* [EXERCISE OBJECTIVE]:
Output each record verbatim, with pictures left out.

* [SOURCE RECORDS]:
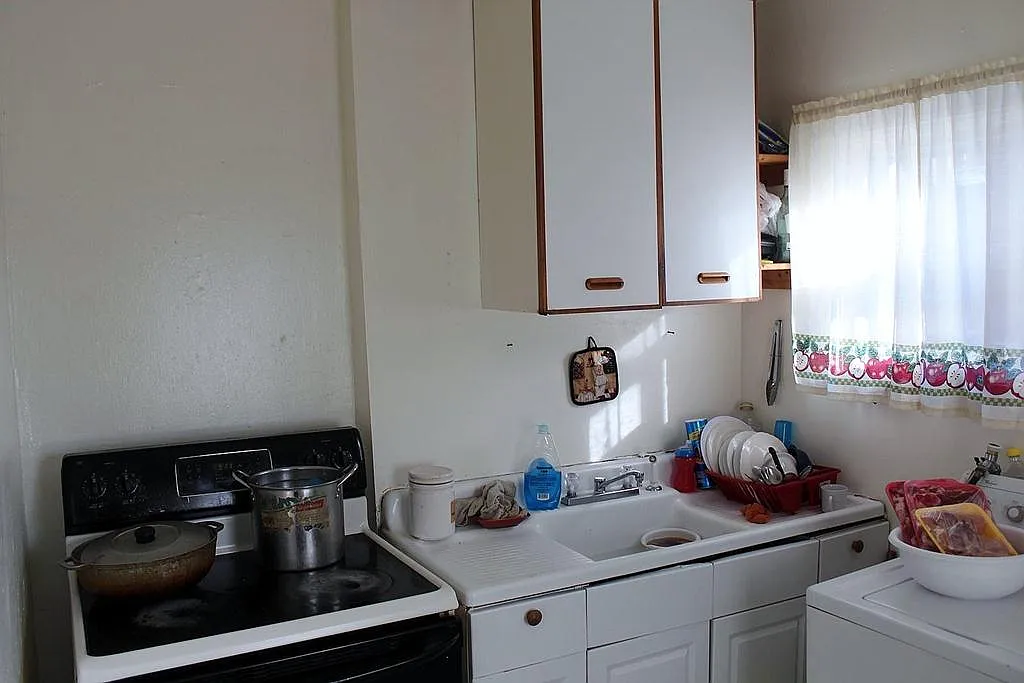 7 Dauphin St photo 1
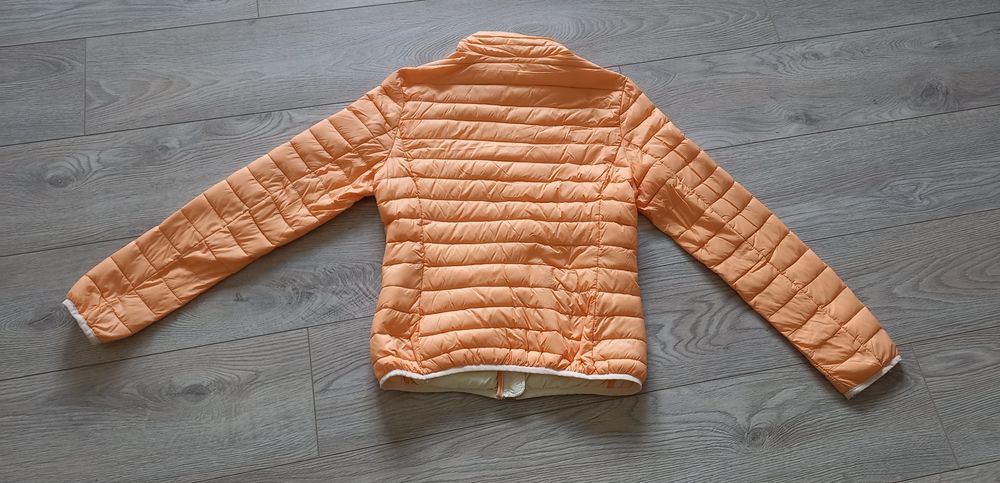 Продам куртку (пух)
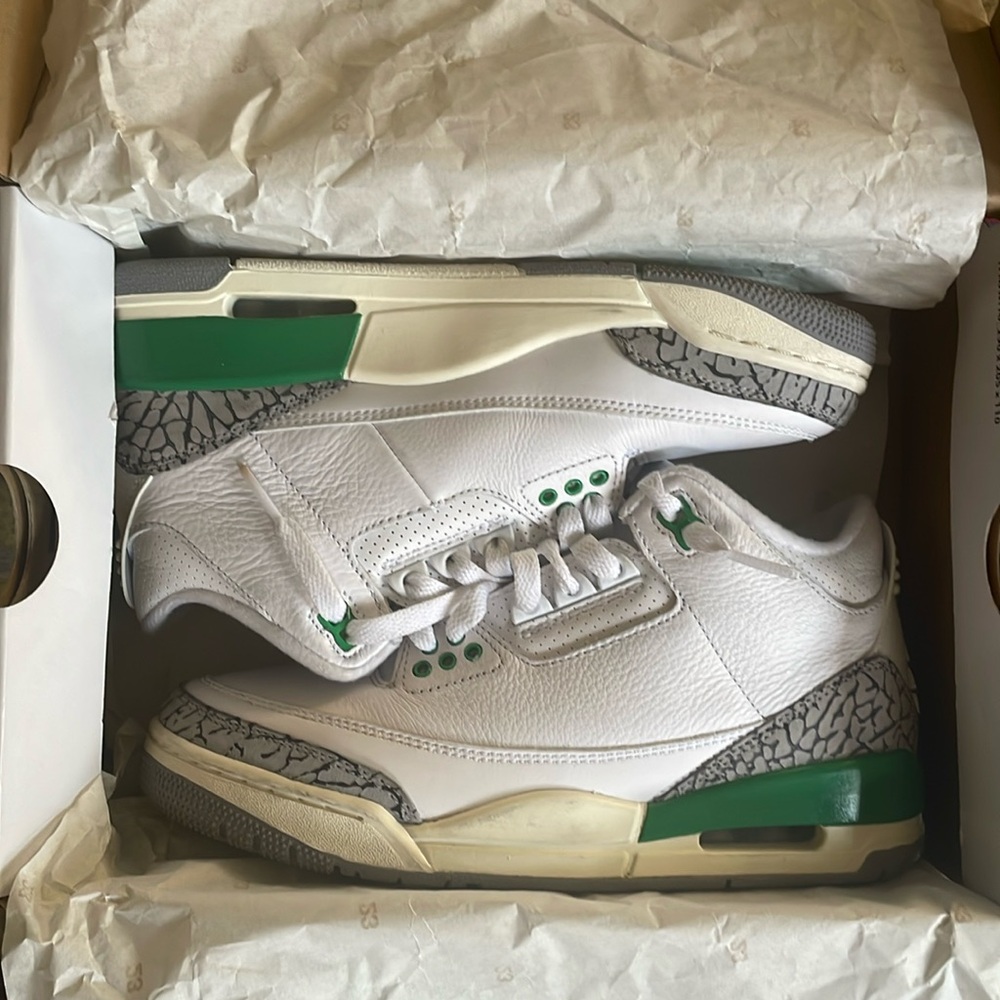 Slightly used only worn 4 times, Authentic Jordan 3’s.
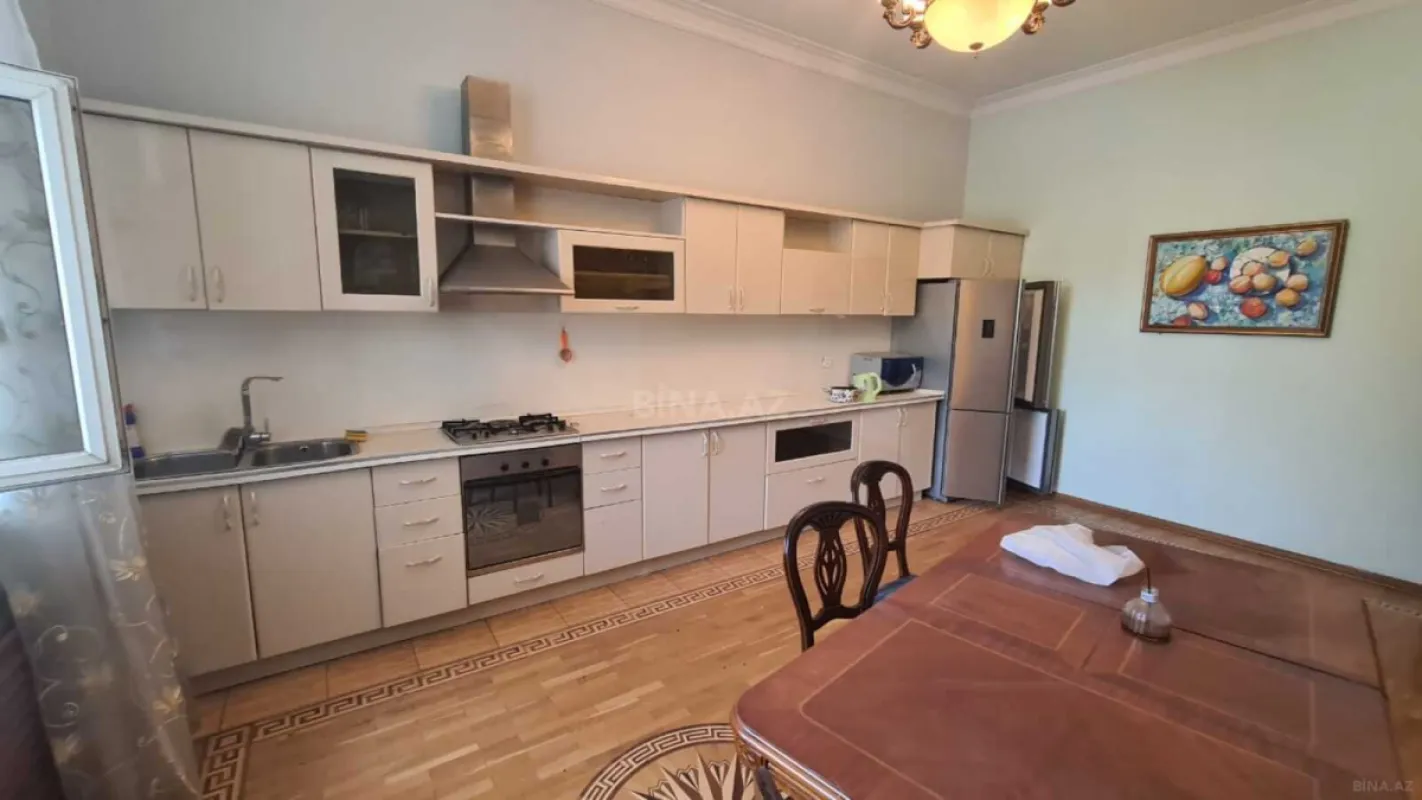 Kirayə verilir 8 otaqlı ofis 800 m²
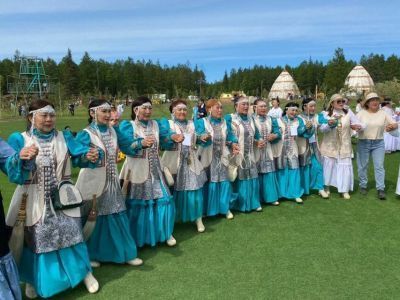 До глубокой ночи конкурсанты запевали осуохай на Ысыахе Олонхо в Якутии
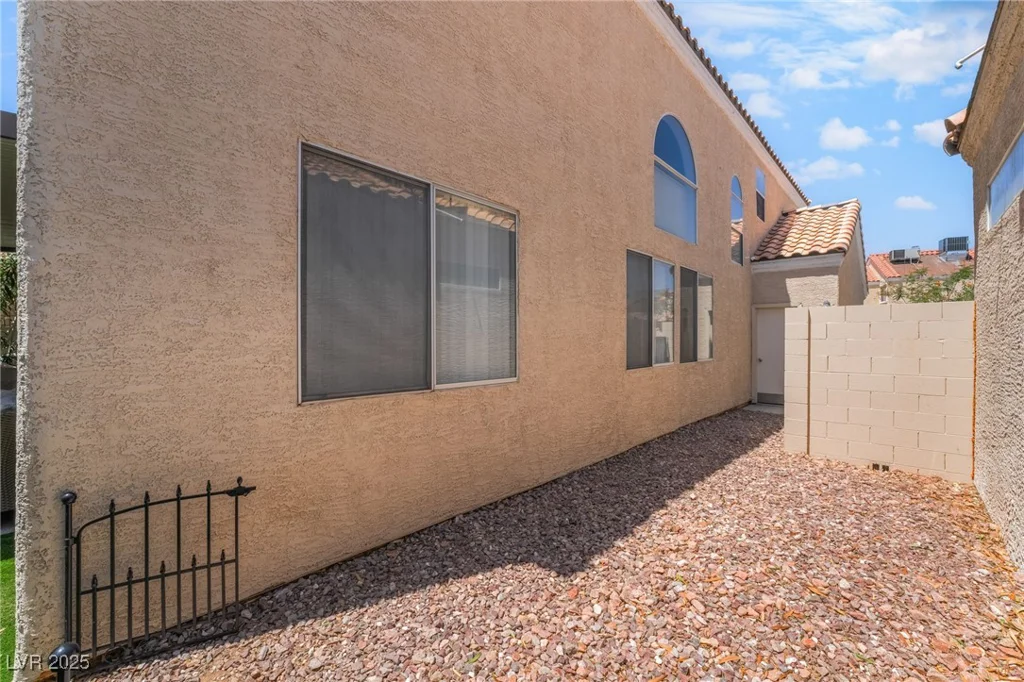 2452 Silver Shadow, Las Vegas, NV 89108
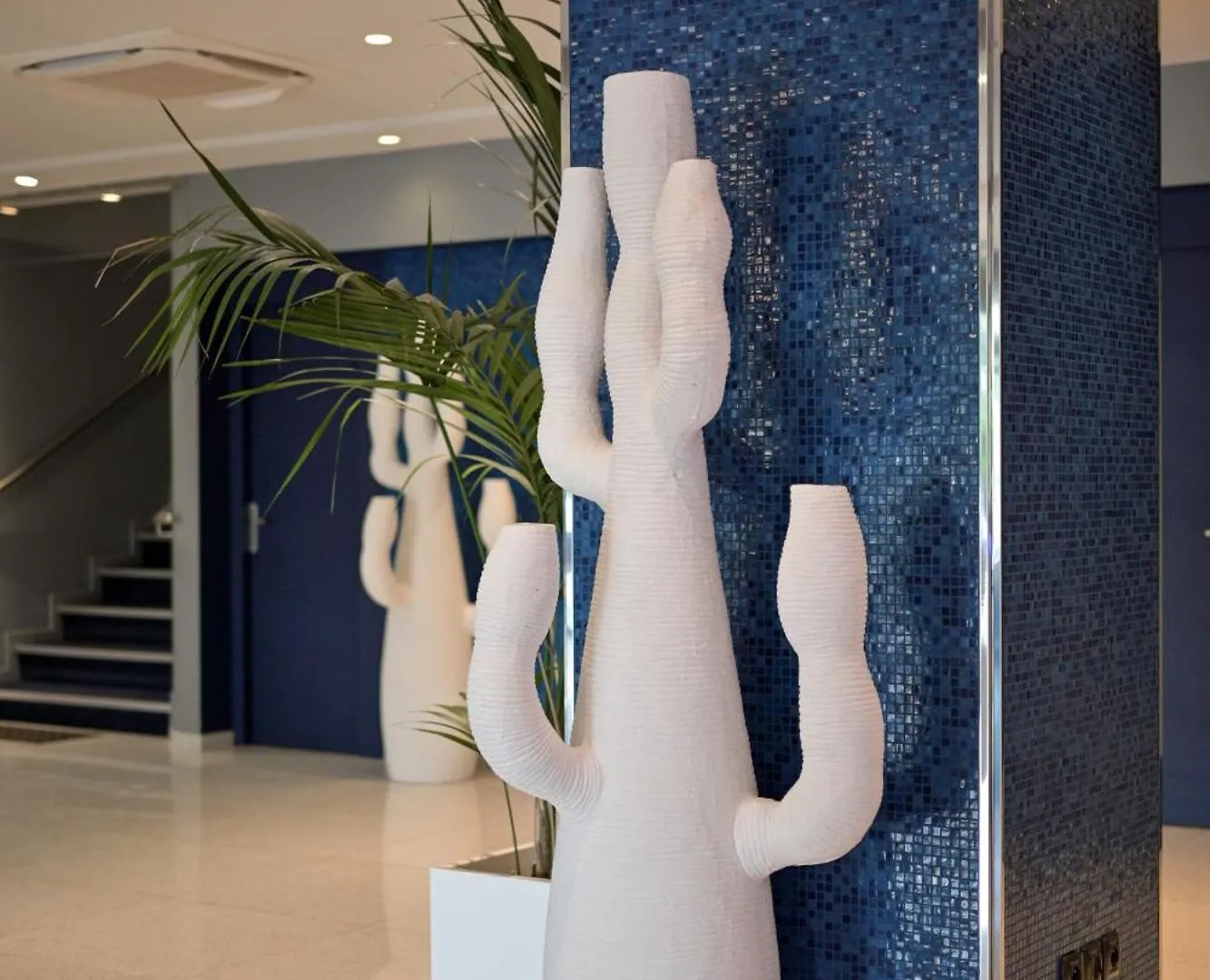 Juliana Hotel Cannes 4*,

* [REPLY TO THE EXERCISE]:
 7 Dauphin St photo 1
 Продам куртку (пух)
 Slightly used only worn 4 times, Authentic Jordan 3’s.
 Kirayə verilir 8 otaqlı ofis 800 m²
 До глубокой ночи конкурсанты запевали осуохай на Ысыахе Олонхо в Якутии
 2452 Silver Shadow, Las Vegas, NV 89108
 Juliana Hotel Cannes 4*,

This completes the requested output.